SUPPLIED MATERIAL:
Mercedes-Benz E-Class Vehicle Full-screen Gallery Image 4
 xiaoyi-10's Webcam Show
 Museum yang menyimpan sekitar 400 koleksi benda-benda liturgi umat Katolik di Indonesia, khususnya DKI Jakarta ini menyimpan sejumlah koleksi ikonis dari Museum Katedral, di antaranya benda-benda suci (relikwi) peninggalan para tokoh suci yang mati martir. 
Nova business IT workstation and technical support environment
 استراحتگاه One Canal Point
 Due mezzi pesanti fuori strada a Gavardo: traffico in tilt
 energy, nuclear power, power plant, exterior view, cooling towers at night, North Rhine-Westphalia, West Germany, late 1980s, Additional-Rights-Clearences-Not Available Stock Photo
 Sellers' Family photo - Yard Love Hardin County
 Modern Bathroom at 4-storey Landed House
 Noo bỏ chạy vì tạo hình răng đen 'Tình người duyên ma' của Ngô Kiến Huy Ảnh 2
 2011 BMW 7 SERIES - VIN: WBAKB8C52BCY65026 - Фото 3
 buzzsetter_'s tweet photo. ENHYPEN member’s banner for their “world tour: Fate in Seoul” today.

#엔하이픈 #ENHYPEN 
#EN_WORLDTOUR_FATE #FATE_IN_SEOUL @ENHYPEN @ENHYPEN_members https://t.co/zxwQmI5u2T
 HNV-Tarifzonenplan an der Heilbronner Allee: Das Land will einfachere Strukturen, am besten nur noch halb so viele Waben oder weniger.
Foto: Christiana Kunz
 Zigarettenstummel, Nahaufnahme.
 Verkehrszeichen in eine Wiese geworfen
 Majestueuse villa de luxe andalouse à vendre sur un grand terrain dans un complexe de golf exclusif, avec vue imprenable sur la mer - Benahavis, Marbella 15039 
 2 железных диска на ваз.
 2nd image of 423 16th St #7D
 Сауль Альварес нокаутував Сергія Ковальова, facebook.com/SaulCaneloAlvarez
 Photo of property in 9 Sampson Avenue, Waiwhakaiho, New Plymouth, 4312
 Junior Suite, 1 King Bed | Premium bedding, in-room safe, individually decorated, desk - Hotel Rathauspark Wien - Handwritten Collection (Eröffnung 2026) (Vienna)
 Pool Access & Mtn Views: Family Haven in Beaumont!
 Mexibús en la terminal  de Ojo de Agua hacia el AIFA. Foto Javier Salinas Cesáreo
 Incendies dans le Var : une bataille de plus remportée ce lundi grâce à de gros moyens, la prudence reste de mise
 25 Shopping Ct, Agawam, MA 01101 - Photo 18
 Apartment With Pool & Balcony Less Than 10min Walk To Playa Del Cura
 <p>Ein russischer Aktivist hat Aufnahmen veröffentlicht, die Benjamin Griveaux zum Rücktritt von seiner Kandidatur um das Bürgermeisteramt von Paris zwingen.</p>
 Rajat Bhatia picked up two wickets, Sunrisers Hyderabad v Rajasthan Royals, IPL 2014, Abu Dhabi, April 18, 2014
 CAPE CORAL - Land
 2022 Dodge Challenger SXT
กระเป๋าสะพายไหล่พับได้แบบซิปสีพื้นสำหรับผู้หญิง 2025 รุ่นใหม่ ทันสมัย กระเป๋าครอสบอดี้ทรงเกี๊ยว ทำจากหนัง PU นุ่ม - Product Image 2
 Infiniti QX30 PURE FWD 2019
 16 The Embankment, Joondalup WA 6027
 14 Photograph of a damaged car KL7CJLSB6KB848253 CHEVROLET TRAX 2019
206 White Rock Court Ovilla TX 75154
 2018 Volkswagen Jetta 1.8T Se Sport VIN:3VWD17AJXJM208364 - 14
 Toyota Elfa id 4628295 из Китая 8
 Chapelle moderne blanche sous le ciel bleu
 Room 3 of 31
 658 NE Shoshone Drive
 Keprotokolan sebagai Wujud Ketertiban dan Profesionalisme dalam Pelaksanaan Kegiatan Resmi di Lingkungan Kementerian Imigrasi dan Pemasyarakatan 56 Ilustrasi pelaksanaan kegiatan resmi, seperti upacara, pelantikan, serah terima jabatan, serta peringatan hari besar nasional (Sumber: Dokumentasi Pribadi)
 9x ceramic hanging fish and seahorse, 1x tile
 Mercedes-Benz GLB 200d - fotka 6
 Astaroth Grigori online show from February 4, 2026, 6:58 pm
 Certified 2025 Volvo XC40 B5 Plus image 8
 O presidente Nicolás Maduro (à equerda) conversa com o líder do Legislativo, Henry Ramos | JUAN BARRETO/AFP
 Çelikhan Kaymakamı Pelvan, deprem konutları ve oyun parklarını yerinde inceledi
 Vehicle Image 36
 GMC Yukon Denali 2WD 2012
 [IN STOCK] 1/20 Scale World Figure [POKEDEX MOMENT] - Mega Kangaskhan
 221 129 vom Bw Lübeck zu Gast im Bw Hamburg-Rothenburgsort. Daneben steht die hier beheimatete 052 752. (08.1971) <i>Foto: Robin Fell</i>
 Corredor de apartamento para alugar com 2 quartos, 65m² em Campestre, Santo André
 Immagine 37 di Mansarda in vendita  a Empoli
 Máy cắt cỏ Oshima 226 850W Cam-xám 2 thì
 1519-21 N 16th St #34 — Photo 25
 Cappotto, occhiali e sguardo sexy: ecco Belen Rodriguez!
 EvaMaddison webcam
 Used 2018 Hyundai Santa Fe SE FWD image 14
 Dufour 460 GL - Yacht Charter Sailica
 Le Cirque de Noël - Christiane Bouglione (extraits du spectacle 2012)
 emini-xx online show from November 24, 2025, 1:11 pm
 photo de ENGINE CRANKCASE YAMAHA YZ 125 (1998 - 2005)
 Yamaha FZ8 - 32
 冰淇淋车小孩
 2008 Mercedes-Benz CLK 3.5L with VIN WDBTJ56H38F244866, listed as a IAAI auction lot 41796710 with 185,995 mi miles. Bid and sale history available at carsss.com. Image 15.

TASK TO CARRY OUT: From the records above, print exactly the lines that run from the line with "2022 Dodge Challenger SXT" to the line with "16 The Embankment, Joondalup WA 6027", inclusive.

WRITTEN RESPONSE:
 2022 Dodge Challenger SXT
กระเป๋าสะพายไหล่พับได้แบบซิปสีพื้นสำหรับผู้หญิง 2025 รุ่นใหม่ ทันสมัย กระเป๋าครอสบอดี้ทรงเกี๊ยว ทำจากหนัง PU นุ่ม - Product Image 2
 Infiniti QX30 PURE FWD 2019
 16 The Embankment, Joondalup WA 6027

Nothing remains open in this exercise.